C’est peut-être d’ailleurs là qu’est le plus gros souci du jeu. Le public ciblé est clairement les rôlistes, et assez peu d’éléments sont mis en place pour en faciliter l’accès aux néophytes du genre. Que ce soit dans son esthétique relativement classique, aussi bien dans les graphismes que l’interface, ses mécaniques profondes et assez complexes (encore une fois pour un public non habitué), ou encore le besoin au joueur de s’immerger dans l’univers pour entrevoir tout son potentiel, il n’est malheureusement pas à mettre entre toutes les mains.

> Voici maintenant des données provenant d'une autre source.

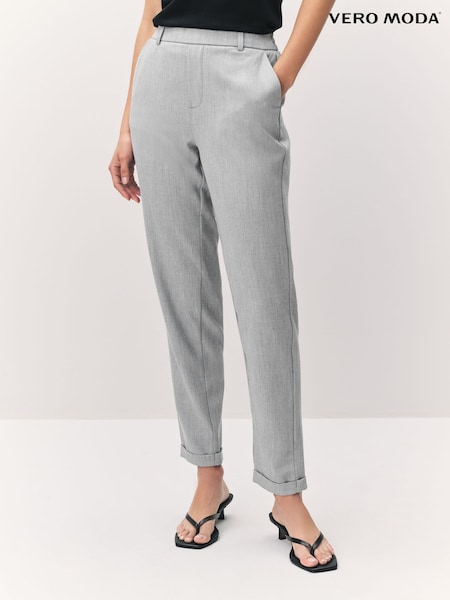 VERO MODA Grey Slim High Waisted Trousers (657146) | £34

D’autant plus que l’ambiance générale est résolument old-school, se rapprochant de ce qu’on pouvait trouver sur micro-ordinateurs (ou consoles 16bits), jusque dans les musiques, qui bien qu’orchestrales ont ce petit quelque chose de doux et épique, que je retrouve sur des jeux de cette génération. Pour ceux qui souhaiteraient arranger un peu le jeu pour le rendre jouable selon vos critères, sachez qu’il existe une multitude de mods en tous genres, d’une simple amélioration graphique à une aventure dans une toute autre contrée, voire même l’ajout d’une trame scénaristique. N’ayant pas profité de ces différentes modifications (estimant que le jeu se suffit très largement à lui-même), je ne vous en parlerai donc pas en détail, mais sachez que la communauté est très active et fidèle au jeu, et ce bientôt 10 ans après sa sortie.

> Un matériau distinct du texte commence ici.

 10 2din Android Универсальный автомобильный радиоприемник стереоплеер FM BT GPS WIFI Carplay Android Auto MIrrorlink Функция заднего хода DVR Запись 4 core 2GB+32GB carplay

Croulant sous la masse des sorties et différents rattrapages, je n’ai malheureusement plus beaucoup de temps à lui accorder maintenant. D’autant plus que sa suite se précise enfin, annoncée quand même depuis déjà 2012. Mais jamais je n’oublierai ce fameux été, à jouer des semaines durant, sous une fenêtre en sous-pente du grenier de mes ex beaux-parents, en pleine canicule, mais bien trop captivé pour m’arrêter malgré la chaleur étouffante de la pièce. Une de mes plus belles expériences de jeu vidéo. C’est pourquoi même si vous être étrangers au genre ou êtes rebutés par son apparence, ou quelque raison que ce soit d’ailleurs, laissez-vous tenter par l’aventure, vous pourriez en sortir changés.